Lundi 04 septembre 2017 à 07h

Cette semaine, Kate soumet à Aymeric Rouillac, commissaire-priseur, deux tomes des Fables de La Fontaine dont elle souhaite connaître la valeur.



Pour débuter la rentrée… une petite interrogation : combien de fables de Jean de La Fontaine connaissez-vous encore par cœur ? Des générations d’écoliers ont appris la poésie et la morale à travers ses vers. À commencer par le Grand Dauphin, fils de Louis XIV à qui est dédié le premier recueil des Fables, publié en 1668. Suivront deux autres recueils, le dernier paraissant en 1694. La Fontaine se dégage du style académique - dont les tenants sont Racine et Corneille - en adoptant une grande liberté de style et n’hésitant pas à utiliser des expressions populaires. Ce qui n’enlève rien à son génie littéraire : au contraire ! Le succès est colossal et La Fontaine célébré pour la finesse de ses analyse des comportements humains, dépeints à travers les animaux. Ses 243 Fables font le bonheur de Molière et de Madame de Sévigné et sont bientôt traduites dans de nombreuses langues. Son infinie diversité de caractères donne lieu à un enseignement moral dont les Jésuites puis, après eux, les maîtres d’école, apprécient l’utilité pour l’éducation de la jeunesse. Les siècles suivants les adoptent avec le même bonheur et c’est sans interruption de faveur qu’elles continuent de nous enchanter, 300 ans plus tard.

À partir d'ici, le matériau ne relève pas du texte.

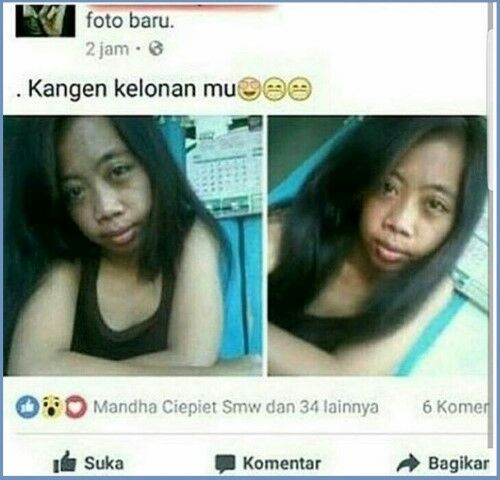 Status Facebook Dari Remaja Alay 5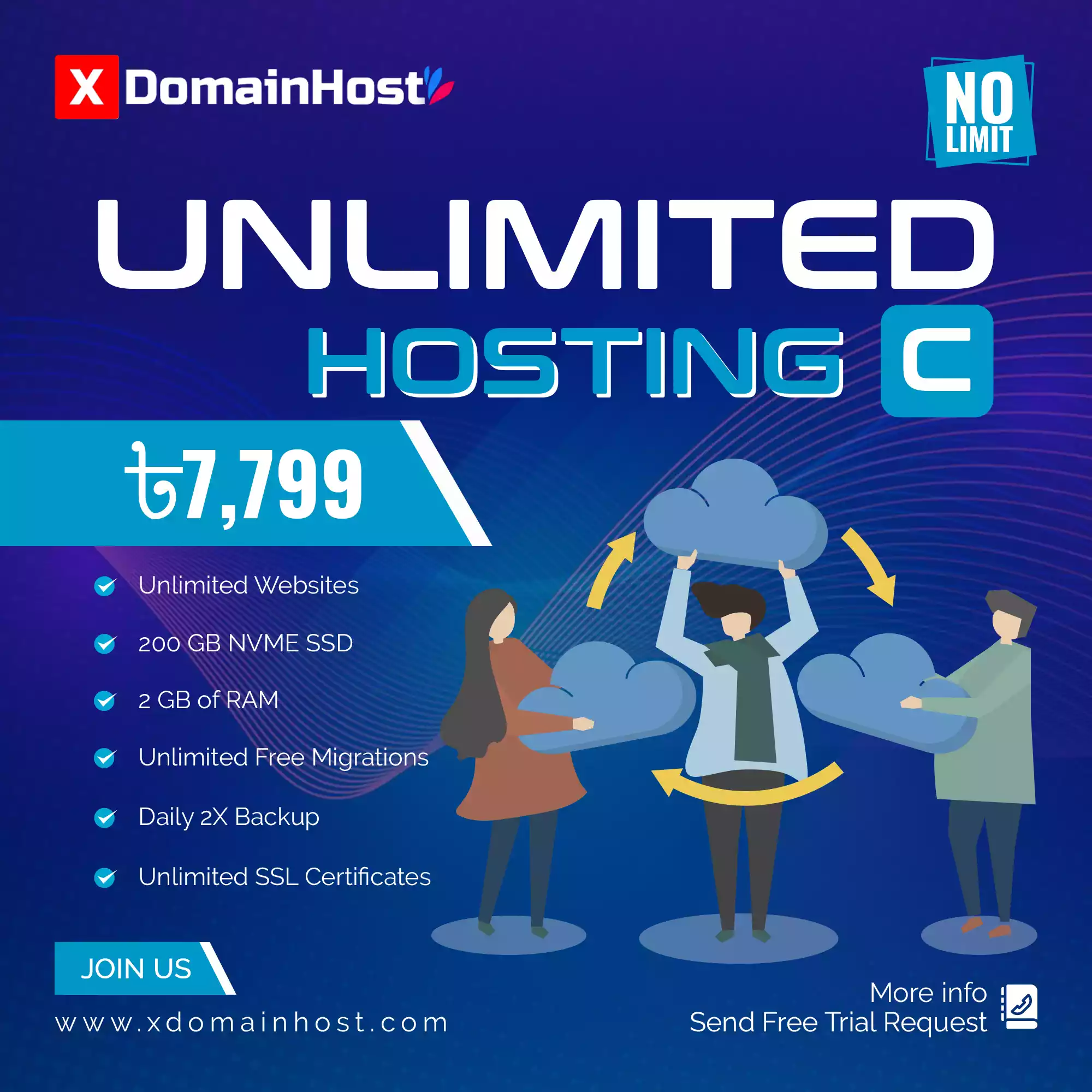 Unlimited Hosting C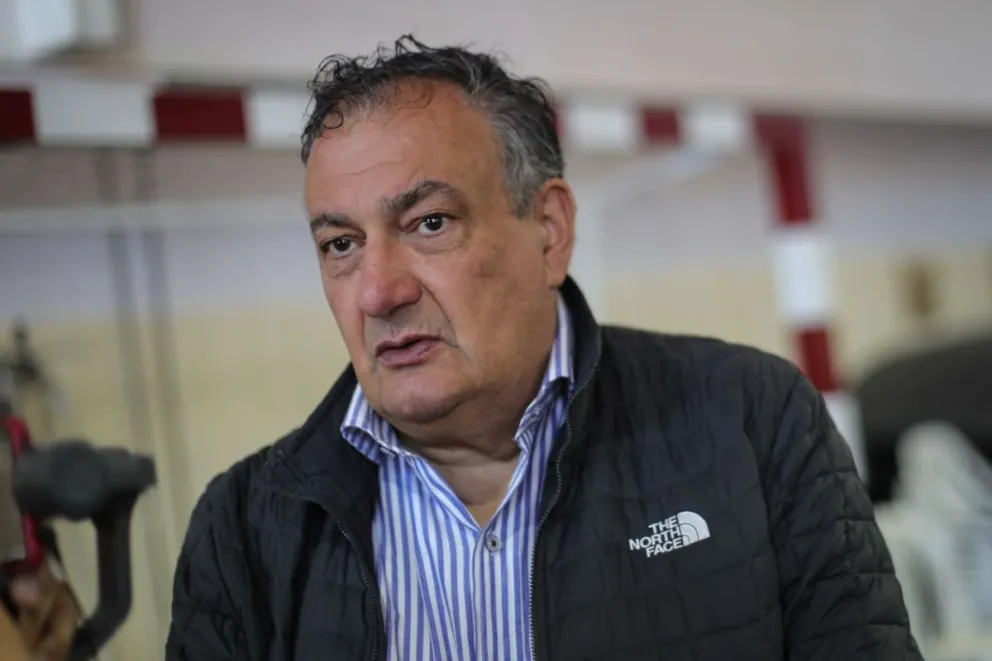 Gennuso confirmó que no habrá pantalla gigante para ver la final del Mundial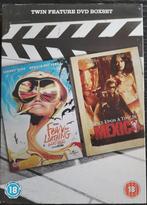 Johnny Depp 2 films -                       Gratis verzenden, Verzenden, Zo goed als nieuw, Vanaf 12 jaar, Boxset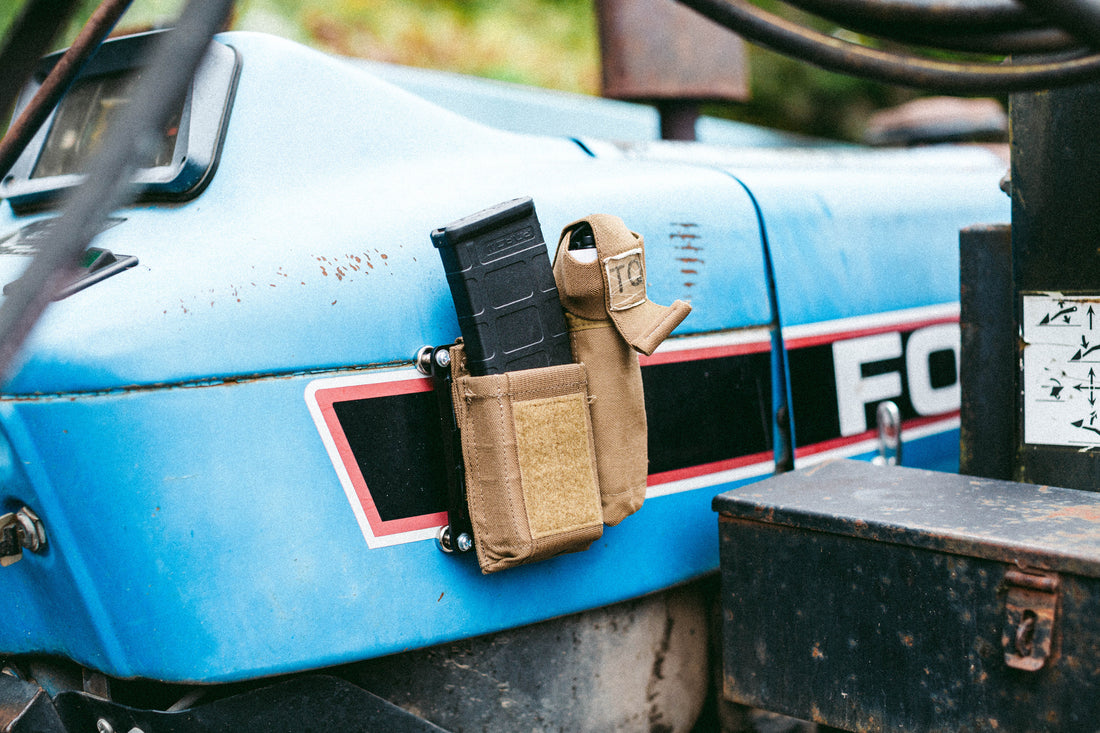 Stop Letting Your Gear Rattle Around — Meet the MOLLE Panel System Built for Real Work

Inutile donc de vous dire que les éditions des Fables sont légions ! Celle de Kate est la réédition moderne d’une édition de 1868. Publiée sous le règne de Napoléon III par la librairie Hachette, elle réunit l’ensemble des Fables en deux tomes. Ce qui fait le grand intérêt de cette publication, ce sont ses illustrations gravées sur bois par Gustave Doré : 84 en pleine page et 284 vignettes. Doré est le plus grand illustrateur et l’un des plus fabuleux artistes du XIXe siècle. Caricaturiste à quinze ans, ce touche-à-tout ne délaisse aucun matériau, aucune technique : dessin, aquarelle, peinture, gravure, sculpture. Il se rêve peintre d’histoire mais l’Académie le rejette. Ce sont ses illustrations qui lui valent un triomphe mondial. Elles subliment des monstres de la littérature occidentale : Don Quichotte, Gargantua, les Contes de Perrault, la Divine Comédie, ou encore la Bible. L’imaginaire de générations entières a été nourri par ses images. Qu’elles soient grotesques, inquiétantes, cocasses, grandioses ou terribles, elles dégagent invariablement une puissante atmosphère, souvent bouleversante. La place de Gustave Doré dans notre culture collective est prépondérante et son travail pour cette édition des Fables de La Fontaine y a grandement participé.

L’ouvrage de Kate est donc célèbre et remarquable à bien des égards. Malgré des rousseurs (tâches jaunâtres), il semble en bon état et est relié dans un similicuir rouge à ornements dorés. Il lui manque simplement une qualité pour avoir de la valeur : l’ancienneté. Une édition originale (1668) du premier recueil des Fables s’est vendue plus de 208.000 € aux enchères il y a deux ans. Une édition originale de la réédition de 1868 se négocie autour de 400 €. En ce qui concerne votre édition, qui date de la seconde moitié du XXe siècle, comptez au mieux dix fois moins, soit une quarantaine d’euros. Comme dirait La Fontaine : « C'est un trésor qui n'embarrasse point ».